9 I use pseudonyms here to preserve anonymity and to accord with a widespread proscription against the use of deceased persons’ proper names. I make exceptions for highly public figures.

10 Campers sustain themselves in these settlements largely (though not exclusively) through Commonwealth-derived welfare income, paid fortnightly through the offices of Australia’s Centrelink, a national benefits payment bureaucracy that administers a range of social welfare payments to all Australians. While a percentage of such income is quarantined in the Northern Territory, dedicated to food purchases through a plastic Basics Card, individuals retain some money that can be spent on alcohol or drugs. Other sources of income include busking, begging, sex work, royalty payments (for those with claims to mining royalties in their home communities), and work for Aboriginal organizations in Darwin (see Fisher 2013; Holmes 2011).

11 Such invisibility is something practiced by both campers themselves, avoiding the oversight of legal intervention, and other Darwinites, who also learn to not see campers in the parks and trails of the city (cf.
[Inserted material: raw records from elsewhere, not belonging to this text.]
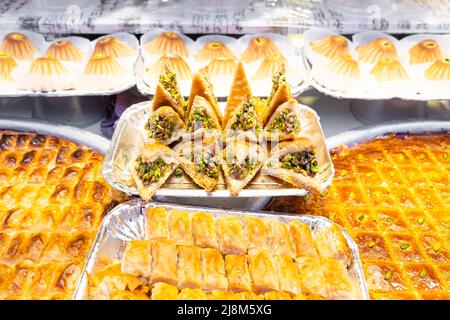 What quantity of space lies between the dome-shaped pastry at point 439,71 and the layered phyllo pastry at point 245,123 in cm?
156

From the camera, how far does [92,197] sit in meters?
2.40

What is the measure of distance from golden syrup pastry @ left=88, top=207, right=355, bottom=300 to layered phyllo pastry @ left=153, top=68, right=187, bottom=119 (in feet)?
1.97

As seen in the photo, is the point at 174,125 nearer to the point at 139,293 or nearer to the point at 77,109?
the point at 139,293

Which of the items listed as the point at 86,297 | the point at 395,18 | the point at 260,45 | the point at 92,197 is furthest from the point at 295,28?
the point at 86,297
Lea 2012b).

12 While I draw this figure from Samuel Weber (1996, 103–6), Indigenous activists have attracted a substantial scholarship interested in their long-standing efforts to craft space in the Australian media (Fisher 2009; Ginsburg 2012).

13 The widespread significance for Aboriginal Australians of what Merlan (2007) calls “landedness” has itself taken center stage in both anthropological writing and in Australian public culture as native title and land rights have become paramount arenas for securing Aboriginal autonomy and recognition (see also Merlan 1998; Myers 1986; Povinelli 2011).

14 This has an individualized component in the remote zone tax offset provided by the Australian Tax Office to workers spending more than 183 days per year working in remote Australia and in salary bonuses and subsidies for individuals who must work in such remote locations.

15 Cowlishaw (2004) provides a book-length analysis of such iconicity and its significance for a New South Wales town.

16 Here, on a smaller scale, I see an analogue of the NTER, insofar as it is a legal precaution aimed at the protection of children that seems instead to leave them more vulnerable. One might extend the analogy to view such interventions within the economy of risk as marking a limit to the state’s liability in its oversight of the Larrakia night patrol.

17 Yo is a Yolngu affirmative from the dialects of North East Arnhem Land. It also has broad currency in NT Kriol and Aboriginal English.

18 Roitman’s (2014) analysis of the subprime mortgage crisis of 2007–2009 and the ways in which “crisis” more generally achieves self-evidence offers a provocative analogue here. Both in Northern Australia and in the North American financial and property markets Roitman examines, crisis becomes a durable, temporally extensive social qualification, one that signifies the truth of a situation and a moral need for transformation, yet one that obscures the ground on which that qualification itself rests.